On Easter Sunday we sing “On this day the Lord has acted; we will rejoice and be glad in it” (Ps 118:24). In doing so, we announce the heart of the Good News: God has won the battle of all battles by raising Jesus from the dead. The religious and political leaders colluded to destroy this life that was an alternative to the status quo, but God could not be thwarted. On Easter, and the 50 days that follow, the Church announces the Good News that God has won the battle against the forces of death and invites the listener to live their lives in light of this victory. This victory makes it clear that the world is not governed by power hungry religious and political leaders and their powerless gods, but by the God of self-emptying love who will eventually bring into being a world where love reigns supreme.
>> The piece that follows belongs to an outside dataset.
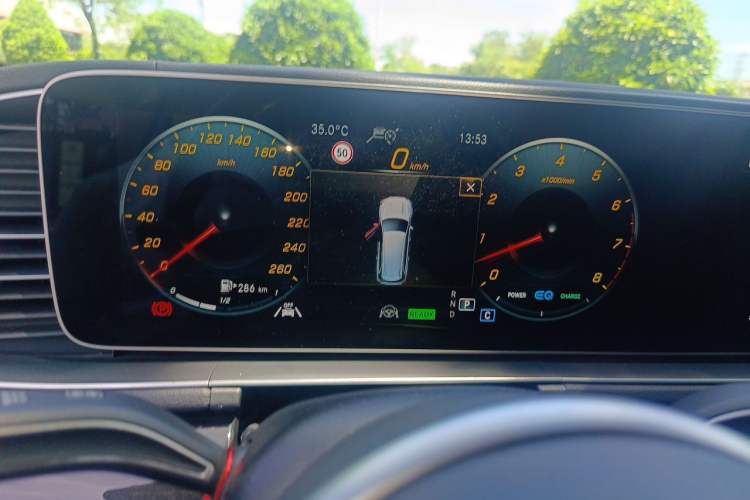 Used Mercedes-Benz GLS 2021 GLS 450 4MATIC Stylish Model Instrument Cluster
This Good News is what ultimately changes lives because it addresses the core problem: where do we put our trust? Do we put our trust in the God of the Bible who brings life out of death, or do we give our obedience to the idols of a consumer culture that have no power over the forces of death? The consumer gods provide fleeting satisfaction. The God of Jesus Christ has the capacity to transform even the most hopeless situation. The psalmist put it like this: “Weeping may spend the night, but joy comes in the morning” (30.6).
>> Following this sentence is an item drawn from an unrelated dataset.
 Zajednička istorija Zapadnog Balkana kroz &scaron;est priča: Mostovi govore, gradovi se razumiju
The example of the life-changing power of this Good News that I know best comes from my own life. When I went to college, my identity was governed by the gods of success and accomplishment. Those gods deliver—until they don’t. Early on in my first year that approach was falling apart. Not only was I not very successful, but I was beginning to discover that such an approach to life isn’t very meaningful. However, relinquishing my trust in these gods wasn’t easy to do; it was a slow death. For three months, I was in the pit. While I was there someone in my dorm suggested that reading the Bible might be helpful. One night on the couch in the common room of the dorm, I read the Gospel of John from beginning to end (Why John? I don’t know). When I finished, something dramatic had happened. I had begun to discover that who I am is not what I accomplish. Who I am is a human being loved by God—full stop. The pathetic little gods I had worshiped were overthrown by the God who really is God. In that moment I began to experience what it means to be “born from above” (John 3: 3).
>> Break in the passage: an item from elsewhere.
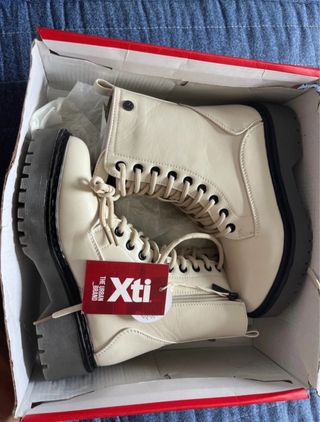 Botas Xti Beige y Gris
Since that initial encounter with the Good News, my ongoing challenge has been to allow this Good News to govern my whole life. In the beginning, the Good news mostly affected my capacity to love myself and my immediate neighbor; it was very personal. Overtime I began to see that my obedience to the alternative way of Jesus had larger social and political implications. I realized that obedience to Jesus was about fighting injustice, breaking down barriers that divide people, resisting political oppression, and working with others to help God bring into being a world where everyone can flourish.
The Good News of Easter has the power to liberate us from an oppressive life governed by impotent gods with no capacity to deliver; and it has the power set us free to be part of God’s life-changing mission in this world. This is exactly what Paul announced to the Galatians when he wrote: “For freedom Christ has set us free” (Gal. 5:1). Let us live our lives under the gracious rule of God and let us announce this life-changing possibility to others.